Cela est d’autant plus dommageable que, signale-t-il, les véritables chiffres indiscutables liés à l’immigration sont du domaine public et accessibles à tous sur le site de l’INSEE.
Le sociologue Emmanuel Didier a, également dans une tribune dans Le Monde, pointé du doigt un autre cas où les chiffres de l’INSEE sont ignorés. À Mayotte, l’institut estime le nombre d’habitants à 320 000, mais un contre-chiffre de 500 000 circule.
Parler d’immigrés en ciblant les binationaux maghrébins ?
Le sociologue regrette lui aussi que le Premier ministre François Bayrou dévalorise les méthodes d’une institution publique experte et légitime pour les remplacer par des chiffres qui ne s’appuient que sur des intérêts partisans.

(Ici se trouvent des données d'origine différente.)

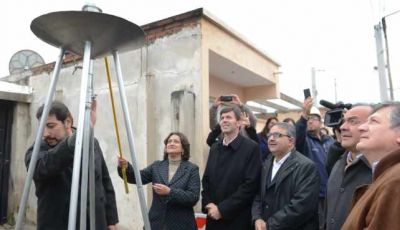 Luc�a inaugur� una red de gas natural en Parque Am�rica
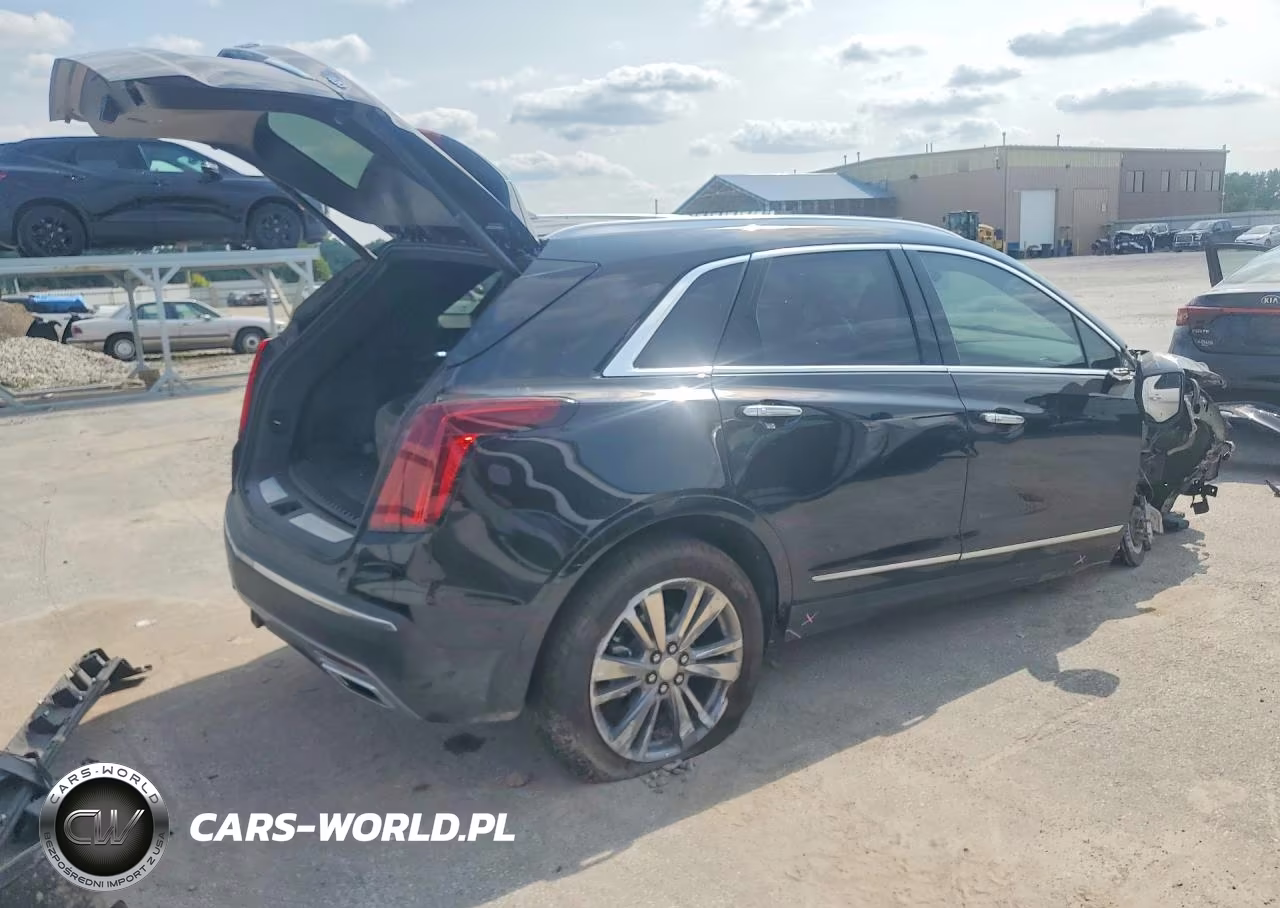 2026 Cadillac Xt5 Premium Luxury VIN:1GYKNDRS7TZ100757 - 3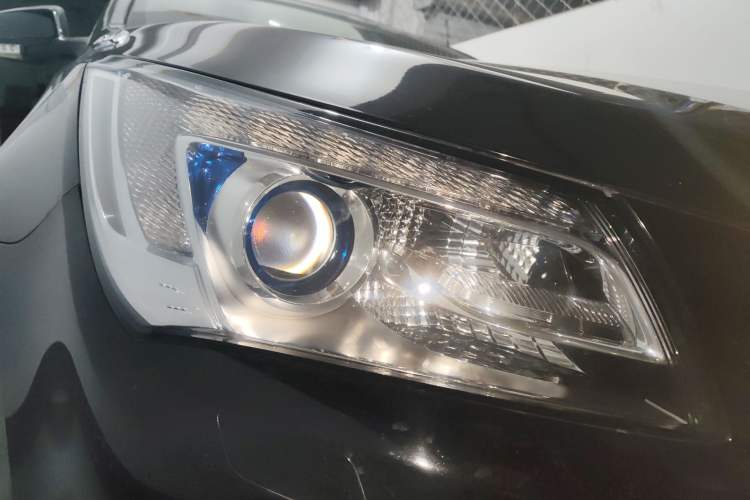 Used Buick LaCrosse 2013 2.4L SIDI Elite Comfort Version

En parlant de « submersion migratoire » alors que, comme le démontrent les chiffres, il n’en est rien, François Bayrou voulait peut-être exprimer un autre « ressenti », qu’il ne peut assumer : à savoir que, aujourd’hui, il y aurait trop de Maghrébins, de musulmans ou d’Algériens en France.
C’est un jugement qui est fait dans la société « au faciès », suivant le nombre de gens au teint arabe, au prénom à consonnance maghrébine où à l’accoutrement musulman que l’on rencontre dans la rue, au travail, à l’école et dans tout l’espace public, indépendamment de leur statut : immigrés, Français naturalisés ou Français depuis deux ou trois générations. Un jugement qui s’exprime désormais sans tabou, dans un contexte de progression des idées de l’extrême droite.
Ils sont sans doute nombreux à entrer dans cette catégorie mais le Premier ministre ne peut pas ignorer qu’ils sont pour la plupart des Français à part entière qu’il ne doit pas confondre avec les immigrés.